But even before that thought had been completed, instinct kicked in. Survival overrides all other imperatives.
He managed to grab the man’s wrist and jerk it to the side just as the gun went off. Tim felt the heat of the bullet zap past his left ear. It slammed into the ceiling, tearing a hole clean through it and the iron roof.
Amy screamed somewhere behind him.
He had both hands on the man’s wrist. The gun went off again, a third and fourth time. All the bullets tore through the ceiling and the roof, out into the night sky.
Tim shoved the man’s wrist against the window frame, lined with jagged glass shards. The man resisted. He had phenomenal strength. It was an arm wrestle Tim couldn’t afford to lose. If he did, he and Amy w
ere dead meat.
The man saw what he was trying to do. Their eyes locked and their arms trembled violently, bursting with effort. The gun edged closer to Tim’s face.

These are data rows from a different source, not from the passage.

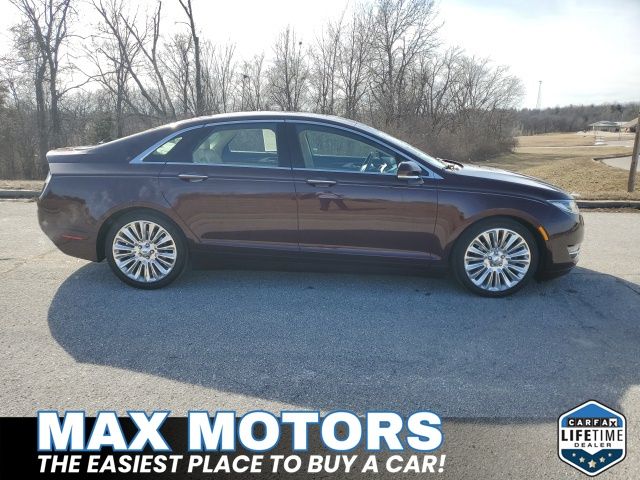Used 2013 Lincoln MKZ Base with VIN 3LN6L2G90DR825815 for sale in Kansas City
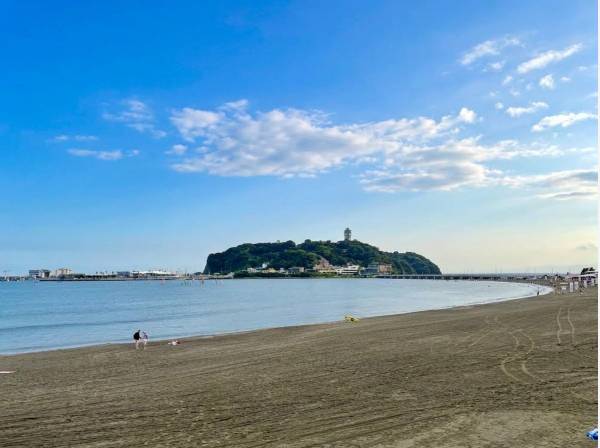 腰越海水浴場まで徒歩2分　約160ｍ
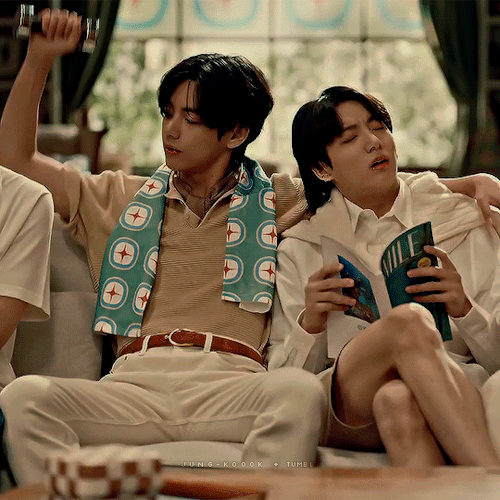 Taehyung Working Out His Biceps 👁👄👁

He didn’t seem to have the muscle-power to match his opponent. He was amazingly strong, and determined. Tim felt himself weakening—going under.
He shut his eyes, summoned all his strength, pushed with everything he had against the man’s wrist.

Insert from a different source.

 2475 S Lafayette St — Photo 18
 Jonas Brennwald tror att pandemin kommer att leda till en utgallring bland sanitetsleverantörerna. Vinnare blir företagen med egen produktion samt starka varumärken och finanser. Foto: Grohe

The man seemed to slip, partially lose his balance on the sloping, corrugated iron roof and Tim gained enough advantage to force the man’s gun hand against the glass shards. He leaned all his weight into it.
The man gave a stifled grunt. Blood splashed from his wrist. His hand opened and the gun dropped onto the floor with a solid thump.
Tim placed his right hand on the man’s face and thrust—hard.
The man toppled backwards, overbalanced, swung both arms furiously, gave Tim one last wide-eyed stare—and disappeared from sight. He didn’t make a sound as he tumbled from the roof, until he crashed onto the ground below.
From somewhere in the dark, a man’s voice cried out: ‘Holy shit!’
Tim stood for a few moments, staring out through the shattered window, catching his breath. Felt as if he’d just gone a couple rounds with the Reaper and at least held his own.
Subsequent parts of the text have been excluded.